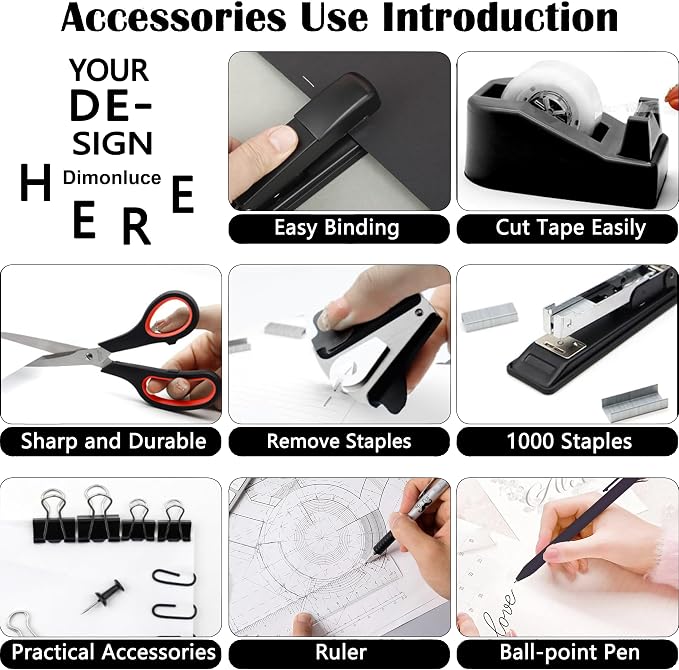 Dimonluce Office Desk Accessories, Black Office Supplies Accessories with Tape Dispenser, Stapler, Staple Remover, 1000 Staples, Tape, Clips Set, Ruler, Scissor, Pen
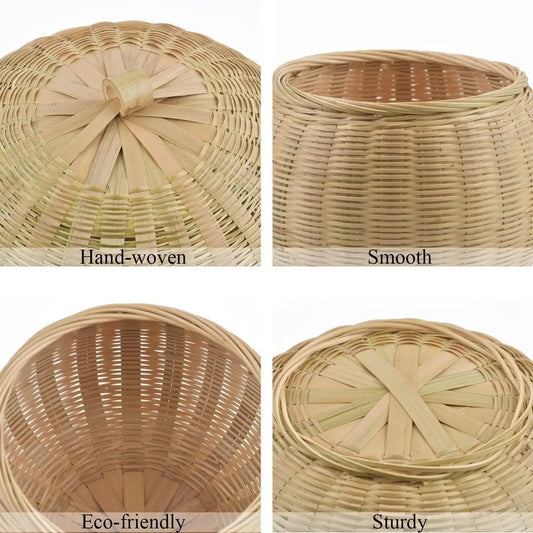 Round Lidded Bamboo Rattan Storage Basket | Hand-Woven Wicker Box with Lid | Fruit, Bread, Picnic | 4 Sizes
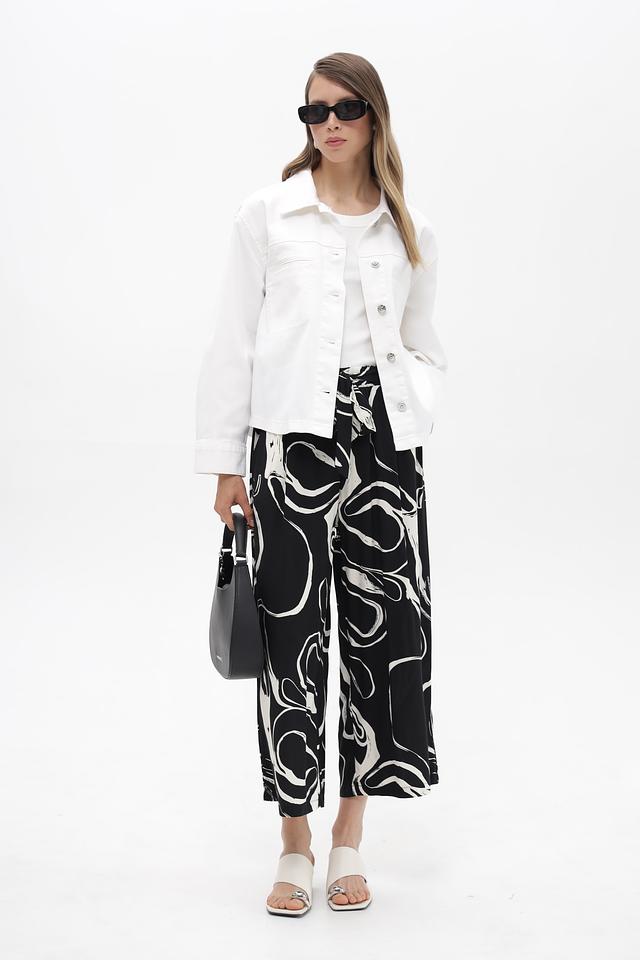 Брюки Broadway с принтом чёрно-белый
+++
Output the full listing verbatim, but drop the images.

**OUTPUT OF THE TASK**
 Dimonluce Office Desk Accessories, Black Office Supplies Accessories with Tape Dispenser, Stapler, Staple Remover, 1000 Staples, Tape, Clips Set, Ruler, Scissor, Pen
 Round Lidded Bamboo Rattan Storage Basket | Hand-Woven Wicker Box with Lid | Fruit, Bread, Picnic | 4 Sizes
 Брюки Broadway с принтом чёрно-белый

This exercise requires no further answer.